• What this task involves: The answer should be each line from the entries below that has the word "Endocrinol" in it.

• Records provided:
--------

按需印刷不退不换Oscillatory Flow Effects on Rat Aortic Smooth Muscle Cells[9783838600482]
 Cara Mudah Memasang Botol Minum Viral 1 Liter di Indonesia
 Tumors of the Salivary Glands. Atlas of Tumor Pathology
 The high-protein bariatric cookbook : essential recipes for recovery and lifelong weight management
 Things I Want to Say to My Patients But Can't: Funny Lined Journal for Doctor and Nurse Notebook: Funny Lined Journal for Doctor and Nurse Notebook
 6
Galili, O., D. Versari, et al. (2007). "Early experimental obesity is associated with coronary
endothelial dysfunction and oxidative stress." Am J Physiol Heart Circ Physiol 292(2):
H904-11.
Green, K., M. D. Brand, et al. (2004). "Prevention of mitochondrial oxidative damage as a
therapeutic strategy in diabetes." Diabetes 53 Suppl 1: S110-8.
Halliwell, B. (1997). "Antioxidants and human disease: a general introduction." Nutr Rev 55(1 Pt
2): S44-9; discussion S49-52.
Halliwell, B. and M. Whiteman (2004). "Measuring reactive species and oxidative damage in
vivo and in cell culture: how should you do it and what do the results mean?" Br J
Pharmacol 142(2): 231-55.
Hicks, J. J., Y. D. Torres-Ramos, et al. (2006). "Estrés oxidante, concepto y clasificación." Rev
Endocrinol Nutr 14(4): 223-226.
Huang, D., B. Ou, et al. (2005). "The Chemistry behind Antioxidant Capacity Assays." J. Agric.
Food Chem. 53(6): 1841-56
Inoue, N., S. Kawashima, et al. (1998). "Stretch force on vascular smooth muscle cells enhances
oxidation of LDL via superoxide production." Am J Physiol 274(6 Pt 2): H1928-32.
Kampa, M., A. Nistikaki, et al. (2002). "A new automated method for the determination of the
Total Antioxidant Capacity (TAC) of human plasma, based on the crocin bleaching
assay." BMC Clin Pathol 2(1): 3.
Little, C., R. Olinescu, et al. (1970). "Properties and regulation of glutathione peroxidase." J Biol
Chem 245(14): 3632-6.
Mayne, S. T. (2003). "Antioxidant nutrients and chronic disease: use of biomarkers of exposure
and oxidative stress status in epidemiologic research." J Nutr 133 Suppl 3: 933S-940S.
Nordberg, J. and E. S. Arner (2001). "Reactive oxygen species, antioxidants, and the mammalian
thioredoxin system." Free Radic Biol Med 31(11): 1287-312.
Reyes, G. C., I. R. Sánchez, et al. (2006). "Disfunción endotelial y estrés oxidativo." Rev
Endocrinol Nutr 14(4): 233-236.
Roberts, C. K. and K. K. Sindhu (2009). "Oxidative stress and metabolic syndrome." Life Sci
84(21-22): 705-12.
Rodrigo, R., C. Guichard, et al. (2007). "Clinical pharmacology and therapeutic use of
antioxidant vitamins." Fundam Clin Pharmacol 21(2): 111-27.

--------

• Solved problem:
Endocrinol Nutr 14(4): 223-226.
Endocrinol Nutr 14(4): 233-236.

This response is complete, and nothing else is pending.